Task statement
Transcribe exactly the lines that fall between the one holding "经济四人间 - 带共用浴室, Bovisa" and the one holding "氛围感 百搭镯子冬季 MISS HELEN一口糖黄龙玉手镯女小众气质新中式", inclusive, from the entries below.

Materials provided
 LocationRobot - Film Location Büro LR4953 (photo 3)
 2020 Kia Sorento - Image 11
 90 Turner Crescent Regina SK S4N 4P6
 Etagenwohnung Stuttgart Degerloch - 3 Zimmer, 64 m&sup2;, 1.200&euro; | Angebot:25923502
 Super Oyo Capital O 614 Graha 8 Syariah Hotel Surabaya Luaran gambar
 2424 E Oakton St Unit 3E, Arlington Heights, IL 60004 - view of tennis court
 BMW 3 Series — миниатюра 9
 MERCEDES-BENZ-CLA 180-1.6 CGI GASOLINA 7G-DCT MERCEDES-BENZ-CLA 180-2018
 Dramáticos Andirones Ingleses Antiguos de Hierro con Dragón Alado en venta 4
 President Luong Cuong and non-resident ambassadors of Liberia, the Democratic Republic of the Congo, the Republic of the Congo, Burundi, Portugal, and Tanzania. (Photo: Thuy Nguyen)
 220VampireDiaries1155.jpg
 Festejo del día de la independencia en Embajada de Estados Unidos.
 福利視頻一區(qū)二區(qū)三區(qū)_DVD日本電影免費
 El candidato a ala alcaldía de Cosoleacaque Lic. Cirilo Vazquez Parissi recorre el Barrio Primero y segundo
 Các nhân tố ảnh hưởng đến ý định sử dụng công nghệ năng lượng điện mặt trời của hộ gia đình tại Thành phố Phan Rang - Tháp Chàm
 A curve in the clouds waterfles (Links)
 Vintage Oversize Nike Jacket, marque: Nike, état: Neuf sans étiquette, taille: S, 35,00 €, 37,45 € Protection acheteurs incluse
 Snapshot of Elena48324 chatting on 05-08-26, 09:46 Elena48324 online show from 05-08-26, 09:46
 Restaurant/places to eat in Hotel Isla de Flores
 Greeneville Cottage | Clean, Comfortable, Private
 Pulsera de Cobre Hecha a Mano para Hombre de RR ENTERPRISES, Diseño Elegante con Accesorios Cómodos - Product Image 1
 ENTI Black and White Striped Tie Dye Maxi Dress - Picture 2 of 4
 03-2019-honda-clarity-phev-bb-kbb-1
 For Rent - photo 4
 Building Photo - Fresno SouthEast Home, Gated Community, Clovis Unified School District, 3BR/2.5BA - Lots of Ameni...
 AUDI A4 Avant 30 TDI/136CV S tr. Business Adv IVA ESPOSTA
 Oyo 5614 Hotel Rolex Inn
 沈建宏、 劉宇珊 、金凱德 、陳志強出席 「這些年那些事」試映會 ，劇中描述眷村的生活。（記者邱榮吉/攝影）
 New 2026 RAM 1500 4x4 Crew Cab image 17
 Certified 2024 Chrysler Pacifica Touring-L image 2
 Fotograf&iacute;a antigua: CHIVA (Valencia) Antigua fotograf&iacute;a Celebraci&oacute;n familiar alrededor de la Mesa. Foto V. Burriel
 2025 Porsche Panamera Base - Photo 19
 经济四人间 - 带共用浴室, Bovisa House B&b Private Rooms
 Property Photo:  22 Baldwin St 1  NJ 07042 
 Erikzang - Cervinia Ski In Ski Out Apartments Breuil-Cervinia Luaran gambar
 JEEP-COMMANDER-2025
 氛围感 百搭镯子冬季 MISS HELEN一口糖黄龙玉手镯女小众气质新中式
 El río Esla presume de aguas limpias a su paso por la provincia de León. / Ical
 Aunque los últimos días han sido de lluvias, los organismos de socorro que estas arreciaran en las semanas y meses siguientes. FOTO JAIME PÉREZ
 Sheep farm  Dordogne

Exercise solution
 经济四人间 - 带共用浴室, Bovisa House B&b Private Rooms
 Property Photo:  22 Baldwin St 1  NJ 07042 
 Erikzang - Cervinia Ski In Ski Out Apartments Breuil-Cervinia Luaran gambar
 JEEP-COMMANDER-2025
 氛围感 百搭镯子冬季 MISS HELEN一口糖黄龙玉手镯女小众气质新中式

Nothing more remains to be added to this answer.